What is an Amaretti biscuit?
The Italian word "amaro" means "bitter," and as these little biscuits are flavoured with bitter almonds, they were called "amaretti" - literal translation "the little bitter ones."
Made from either ground almonds or almond paste, along with sugar and egg whites, they can take on slight variations in form and flavour, often flavoured with chocolate or liqueurs. Traditionally served with dessert wines, liqueur or coffee, but also a delicious addition or ingredient in many desserts.
However, they are not to be confused with Amaretto - a sweet, almond flavoured Italian liqueur associated with Saronno, Italy and made from apricot pits, almonds or both, but can sometimes be found as an ingredient in a one of many different recipes for amaretti biscuits (Amaretti di Saronno).
They can be found all over Italy, and often called "“biscotti da credenza”", meaning biscuits that can be left out on the kitchen sideboard for a long time, always ready as a quick, occasional snack.
Regular little dome shapes, about 3-5cm wide, brown in colour and covered with lots of cracks. Lightweight and crunchy, not only do these little biscuits smell wonderful, but melt in the mouth to give a delicious lingering almond flavour balanced by the sugar.
As with all ancient, traditional products, the imagination and creativity of the patisserie chef will always try to improve and adapt original recipes, so there are several widespread recipes including the ‘Amaretti di Castellamonte’, which unlike the darker, dry baked crunchy amaretti most commonly found in British stores, is soft and golden on the outside with a pale inside.
The romantic version of how ‘Amaretti’ originated, involved two lovers in Saronno who owned a baker’s shop’. In 1719 a cardinal from Milan came to visit the local church and the bakers wanted to make a special biscuit to commemorate the occasion, but had only ground apricot kernels, sugar and egg whites available. After baking at a certain temperature (to remove the poisonous cyanide in the Apricot kernels – yes, cyanide!), the little biscuits were ‘gift wrapped’ in thin, beautifully decorated paper.
However, early records indicate they originated in Venice during the late Renaissance period (mid 17th century) and was the creation of Francesco Moriondo, pastry chef at the court of Savoy. Whichever you chose to believe, there is no doubting that Amaretti biscuits have been a part of Italian patisserie for hundreds of years.

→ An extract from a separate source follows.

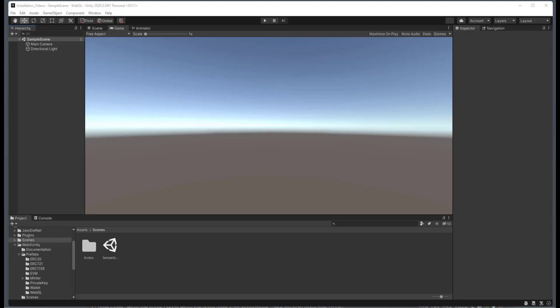So what you're going to need to do here is have a sample scene open, and we're going to go into the Web3 Unity, Prefabs, and then Minter.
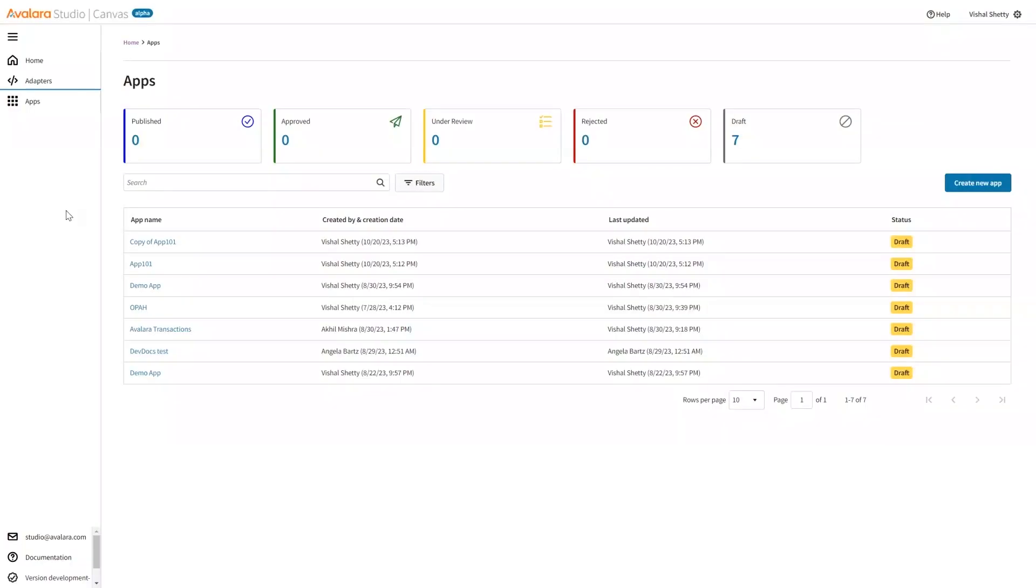Hello, welcome to this demo for workflow creation. This is the app landing page. We have a list of all the apps. I'll go inside the demo app that we have created.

The Lazzaroni family have been making amaretti biscuits since 1719, and are custodians of an amaretti archive, housed in the cloisters of a 14th-century Franciscan church in Saronno, Lombardy, which contains biscuit tins dating from the 1870s.
The earliest ones are made from wood or tin, but all are beautifully decorated with glamorous women, romantic moonlit landscapes, men on horseback galloping through rolling fields during a hunt, or classic Christmas street scenes. Colourful and with all the Italian glamour that British boxed biscuits in most of our supermarkets at Christmas time sadly lack.
Luigi Lazzaroni had spent a lot of time in England (which explains the many early tins which carry English hunting scenes) and whereas in Britain at the time, biscuits were sold loose, out of large bins, in the 1870’s, he began to put his wrapped biscuits into sealed tins.
In later years, it was discovered that this thin paper would glide gently and beautifully to the sky, when rolled up and set fire to. It’s even said that if one makes a wish and the paper rises to the ceiling (or higher if outside), the wish will come true.